→ **Entries supplied**
○ ○ ○ ○

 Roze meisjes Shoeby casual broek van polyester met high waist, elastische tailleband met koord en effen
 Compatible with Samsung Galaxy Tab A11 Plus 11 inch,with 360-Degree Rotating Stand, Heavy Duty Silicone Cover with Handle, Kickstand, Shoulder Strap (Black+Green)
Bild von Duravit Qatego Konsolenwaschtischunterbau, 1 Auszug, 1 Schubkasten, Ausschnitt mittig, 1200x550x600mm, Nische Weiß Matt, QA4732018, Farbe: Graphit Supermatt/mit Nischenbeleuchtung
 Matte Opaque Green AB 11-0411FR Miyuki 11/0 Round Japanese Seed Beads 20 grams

○ ○ ○ ○

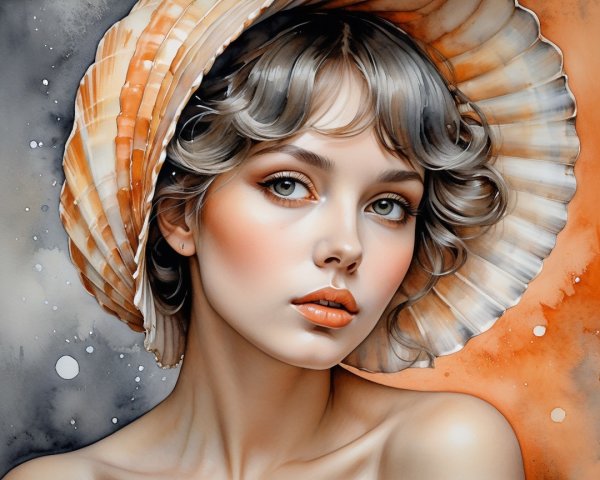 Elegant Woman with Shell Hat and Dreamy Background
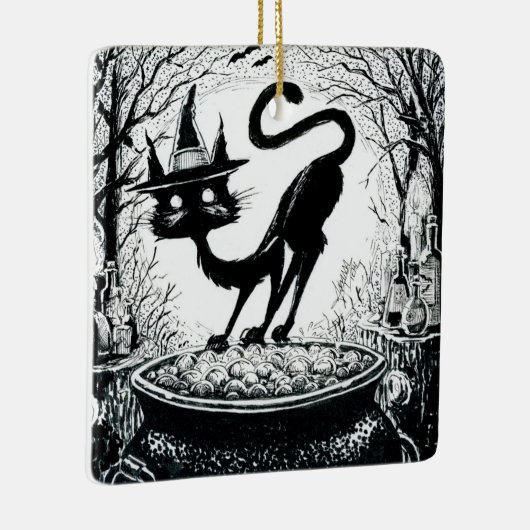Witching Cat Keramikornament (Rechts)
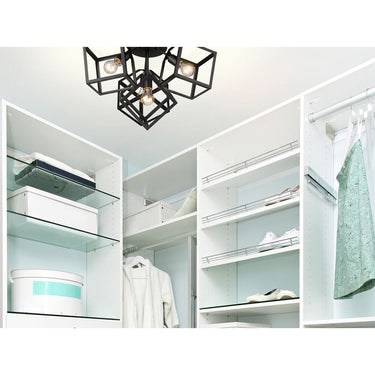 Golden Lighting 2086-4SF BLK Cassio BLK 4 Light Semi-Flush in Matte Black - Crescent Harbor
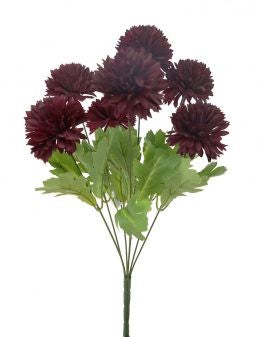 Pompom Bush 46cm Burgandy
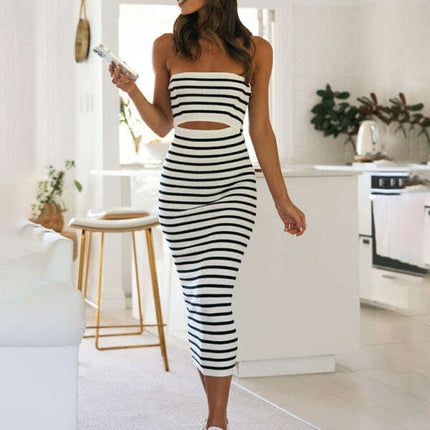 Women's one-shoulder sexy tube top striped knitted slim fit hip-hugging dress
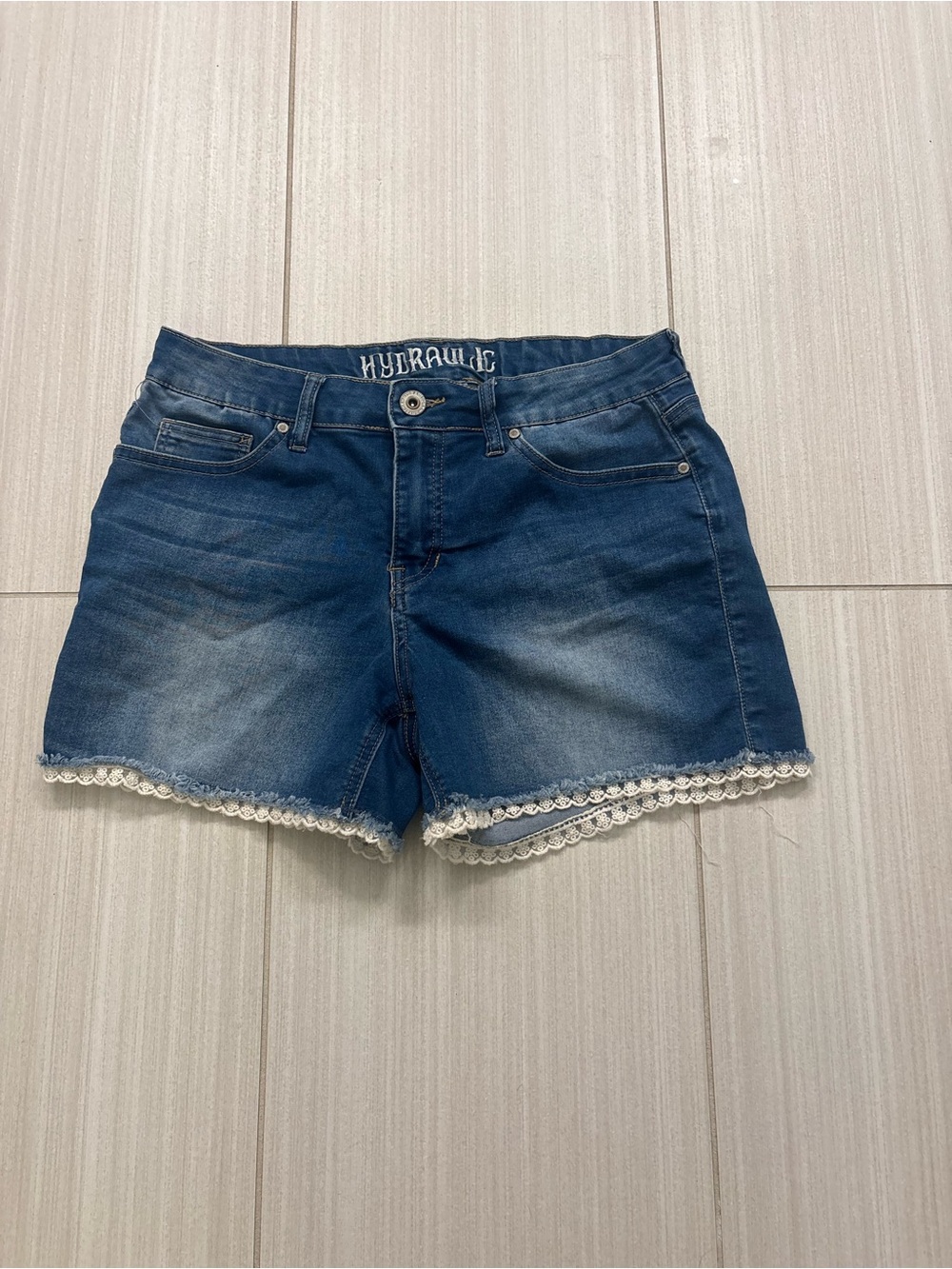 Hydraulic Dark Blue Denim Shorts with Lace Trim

○ ○ ○ ○

→ **Action item**
Please reproduce, exactly as they appear above, the lines from the line containing "Roze meisjes Shoeby" up to and including the line containing "Compatible with Samsung".

→ **Solution**
 Roze meisjes Shoeby casual broek van polyester met high waist, elastische tailleband met koord en effen
 Compatible with Samsung Galaxy Tab A11 Plus 11 inch,with 360-Degree Rotating Stand, Heavy Duty Silicone Cover with Handle, Kickstand, Shoulder Strap (Black+Green)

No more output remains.